These amazing cheesecake squares originally appeared in Bon Appetit magazine a long time ago. This dessert is made up of three layers: crust, pumpkin filling and a sweet sour cream topping. It’s a great addition to a fall dessert table. You can cut them into 16 small squares. They’re a yummy, grab-and-go treat. If you’re a lover of pumpkin cheesecake, that filling in the middle is completely amazing.
How to make Pumpkin Cheesecake Crumble Squares: The crust:
It’s a buttery, pecan-oat crust. You’ll mix the ingredients and then take out a bit of the crust crumbs to set aside. The rest are pressed into the bottom of a square pan. The crumbs you set aside will be baked too– on a separate baking sheet. Those will act as the crumbly topping for these pumpkin cheesecake crumble squares.
The pumpkin filling:
It’s basically pumpkin cheesecake in the middle.
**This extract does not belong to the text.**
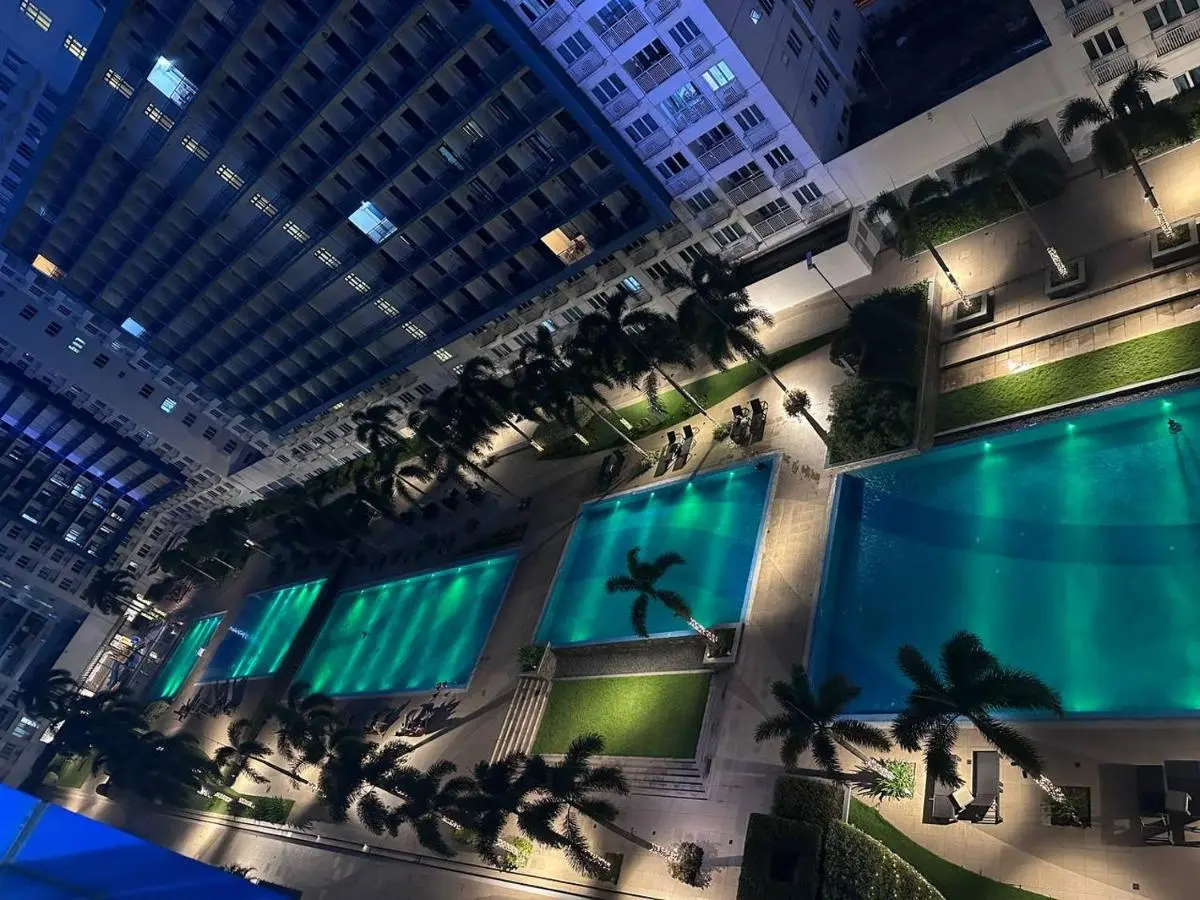 Image 1 of Richnell’s Staycation your Cozy Oasis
You’ll combine the ingredients, spread them over the baked crust, and then you’ll bake it again.
Every good, classic cheesecake has a sweetened sour cream topping, and that’s what this is. It’s a simple mix of sour cream, sugar and vanilla. It’s mixed and spread on top of the pumpkin cheesecake layer. Then it’s baked for just 5 minutes.
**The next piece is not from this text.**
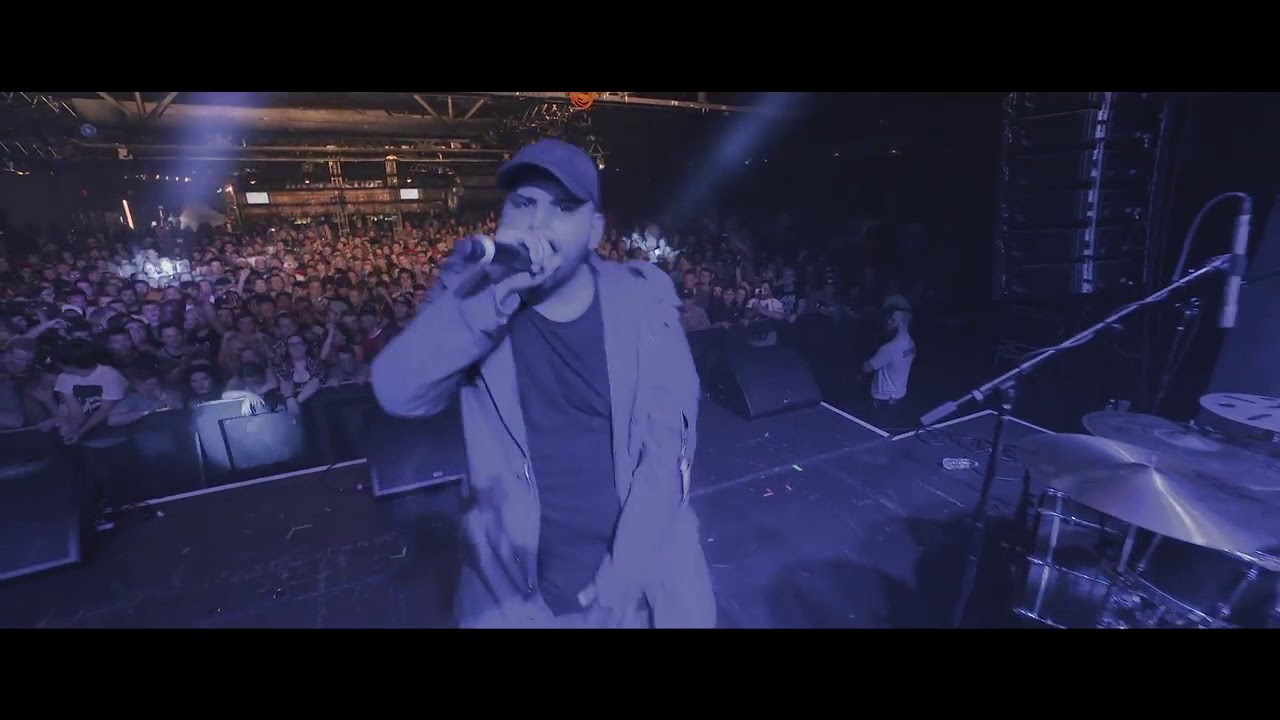 NF   Grindin' ft  Marty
Finally, those crust crumbs that you cooked in the beginning are sprinkled on top and pressed in gently. At this point, the pan should be refrigerated for a least a couple of hours– just until everything is set.
Then you can cut it into squares. The photo shows nine squares, but that a very generous serving! It’s better to cut them into 16 squares. The dessert is rich, so a smaller square serving is just perfect.
You can prepare this dessert up to two days ahead of serving. Just keep plastic wrap over them in the refrigerator, and they’ll be just fine. I’d cut them right before you want to serve them. Enjoy!
Here are a few more pumpkin desserts you might like to try: Chocolate Pumpkin Brownies Pumpkin Pie Ice Cream No Bake Pumpkin Shortbread Bars Pumpkin Blondies Pumpkin Chocolate Chip Squares Golden Cinnamon Pumpkin Bars Pumpkin Snickerdoodles Patterned Pumpkin Roll
Pumpkin Cheesecake Crumble Squares
Popular layered bar recipe!
CRUST: 1 cup all purpose flour 3/4 cup packed light brown sugar 1/2 teaspoon salt 1/2 cup (1 stick) chilled unsalted butter, (diced) 1 cup (4 ounces) pecan halves 3/4 cup old fashioned rolled oats. FILLING: One 8-ounce package cream cheese, (at room temperature) 3/4 cup canned unsweetened pumpkin puree 1/2 cup granulated white sugar 1 large egg 1 1/2 teaspoons ground cinnamon 1 teaspoon ground ginger TOPPING: 1 cup sour cream 2 tablespoons granulated white sugar 1/4 teaspoon vanilla extract PREPARE THE CRUST:
Preheat the oven to 350° F. Generously butter a 9x9x2-inch metal baking pan. Line a rimmed baking sheet with parchment. Using on/off turns, blend the first crust 4 ingredients in your food processor until a coarse meal forms. Add the pecans; using on/off turns, and process until the nuts are chopped. Add the oats; process using on/off turns until the mixture is moistened but not clumping. Press 3 1/2 cups crumbs onto the bottom of the prepared square pan (do not clean the processor). Transfer the remaining crumbs to the lined baking sheet. Bake the crumbs on the baking sheet until golden, stirring once, about 8 minutes. Cool the crumbs. Bake the crust until golden, about 30 minutes. Remove the crust from the oven while preparing the filling. Maintain the oven temperature.
PREPARE THE FILLING:
Blend all of the ingredients in the same processor until smooth. Spread the filling over the warm crust; bake until set, dry in the center, and beginning to rise at the edges, about 20 minutes. Continue to maintain the oven temperature.
PREPARE THE TOPPING:
Mix all of the ingredients in a small bowl. Spread evenly over the hot filling. Bake until the topping sets and bubbles at the edges, about 5 minutes. Cool completely in the pan on a rack. Sprinkle the baked crumbs over the topping; gently press into the topping.
Lightly cover with plastic wrap; chill until cold, about 2 hours before slicing.
*These may be prepared up to 2 days ahead. Keep chilled. Cut into squares. The photos show them cut into 9 squares. You’ll be happier cutting them into 16 squares as they are rich and perfect when served as a smaller bar.